Big Red Machine
How Long Do You Think It's Gonna Last?
5/10
5/10
“‘How long?’ is what you asked, ‘how long do you think it’s gonna last?’” Well, couldn’t that apply to a lot of things? The opening lines of Big Red Machine’s second album are disarmingly pertinent. From the major chords and melodies that glide through you like a rush of wind, to the wistful whistling and effortless build, it doesn’t exactly lend itself to being the “experimental” side-project that Bon Iver’s Justin Vernon and The National’s Aaron Dessner billed this as some years ago, but it does capture a time. A quick glance at the wristwatch and years have passed, with social and economic catastrophes barely a memory. We’re still wearing masks, the climate’s still fucked and so is Loud and Quiet, but you can’t correct everything. ‘Latter Days’ sounds like Big Red Machine and Anaïs Mitchell remembering our current existence, sometime in the future. It’s the project at its best, with an evangelical but quiet melancholy and a campfire’s open arms.
And then Taylor Swift enters, and the songwriting changes.
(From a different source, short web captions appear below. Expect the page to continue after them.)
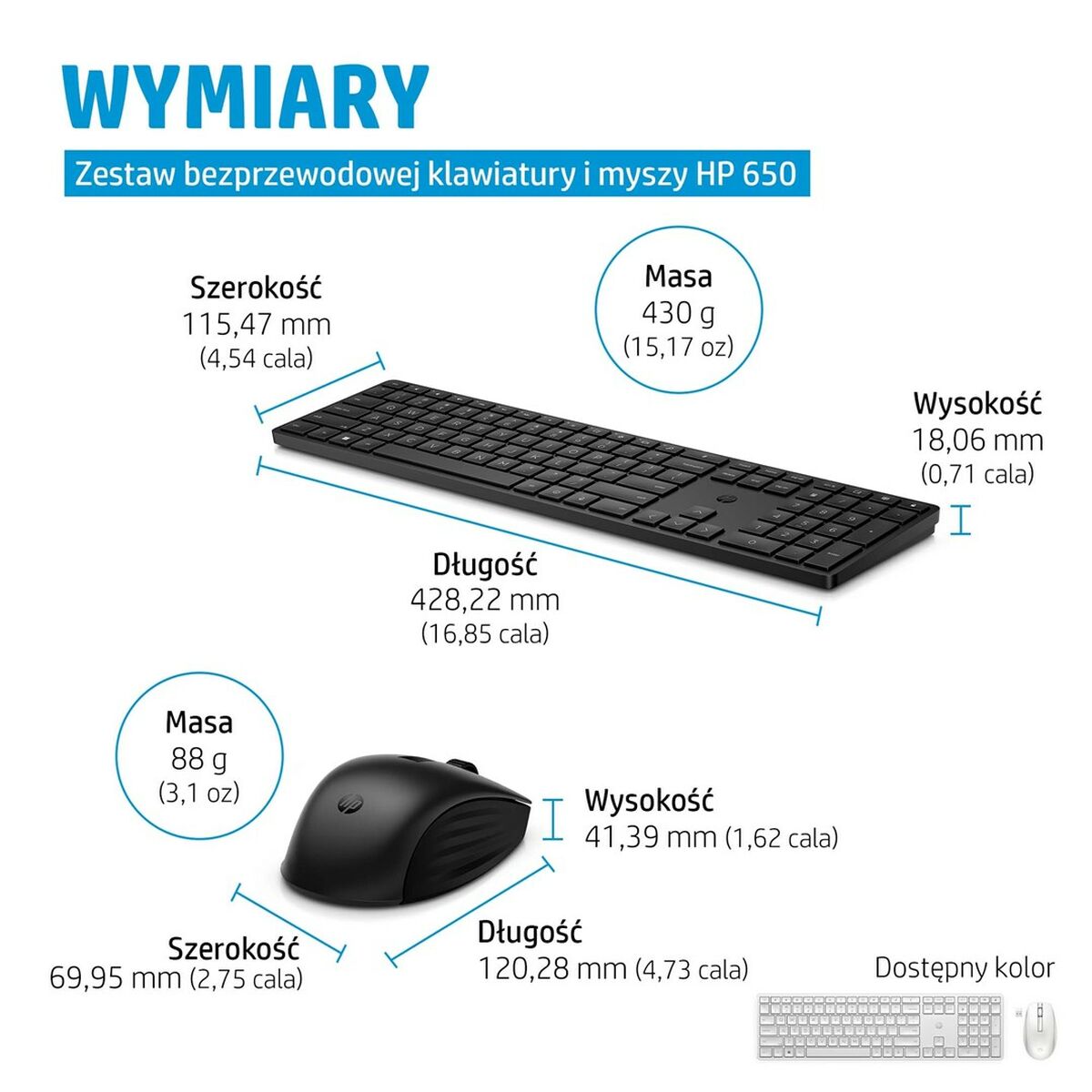 Keyboard and Mouse HP 4R013AA Black English Qwerty US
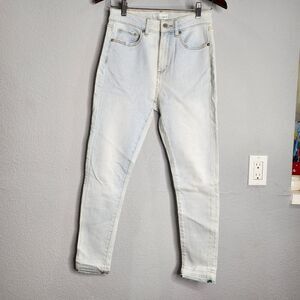 Loft womens high waist light wash skinny jeans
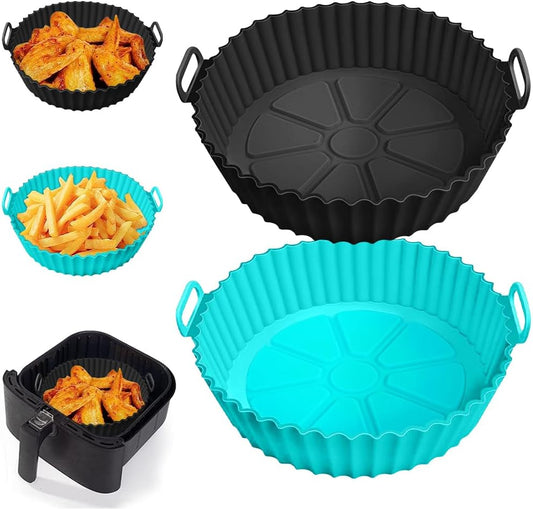 🔥2026 HOT SALE🔥6-Piece Silicone Baking Tray Set For Air Fryers
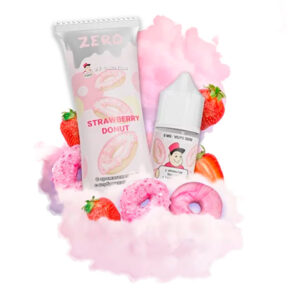 Жидкость CANDYMAN Zero Salt - Strawberry Donut (Пончик с клубничным джемом) 27мл 0мг (М)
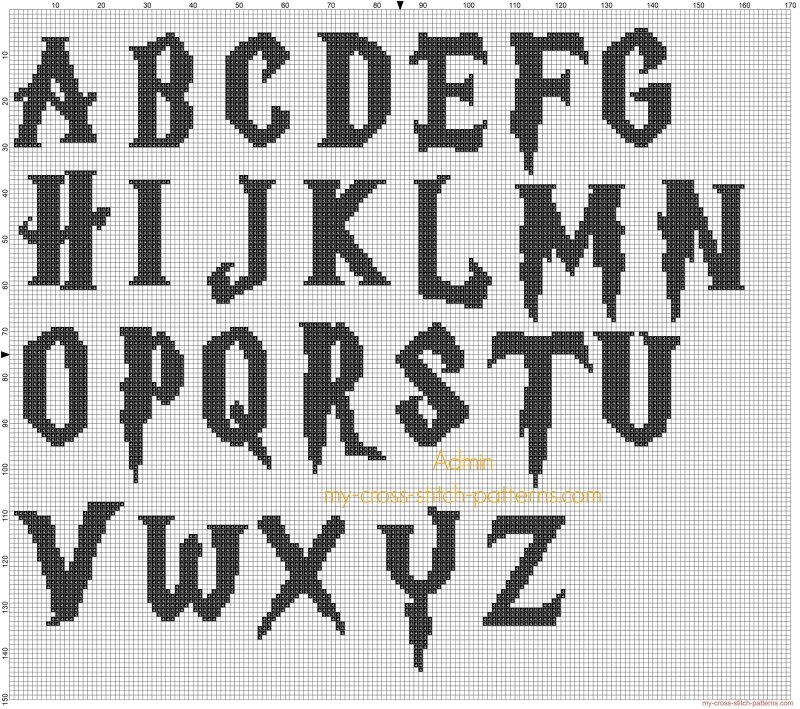 Алфавит вышивка крестом схемы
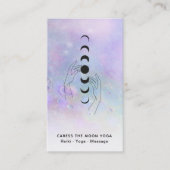 *～*月面のクレーター+癒しの手 名刺 (正面)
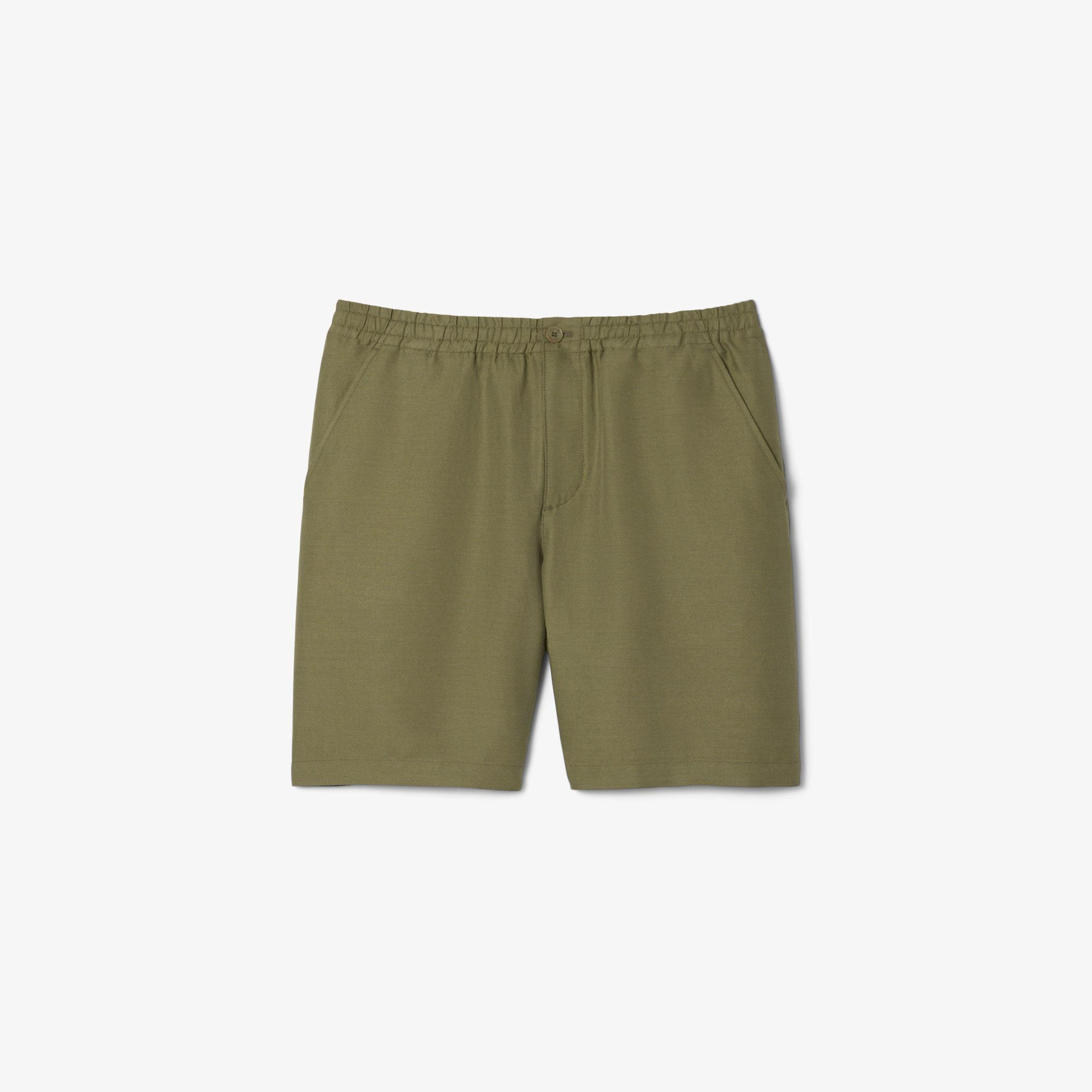 Lacoste Erkek Regular Fit Keten Haki Şort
An outward-looking record seeming to skirt nostalgia tumbles through the egocentric narratives of folklore and evermore, which could still carry bandwidth in a Swift-times-Dessner world, but dilute a space created to explore the persevering originality of indie music’s comfortable luminaries. Vernon’s voice carries ‘Birch’, but is lost on ‘Renegade’. The highlights instead come from Dessner’s almost-embarrassed solo work (‘The Ghost of Cincinatti’, ‘Magnolia’) and first-time collaborations of Ben Howard joining This Is The Kit on ‘June’s A River’ and Fleet Foxes’ Robin Pecknold combining with Mitchell on ‘Phoenix’, lovingly tinged with the folk/psych euphoria of the Grateful Dead’s Workingman’s Dead. Over the course of an inconsistent hour, the lasting sadness is the ease with which Big Red Machine has waived its original goal; they’ve found an unclimbed mountain, and given up to sit on the first bench with a nice view.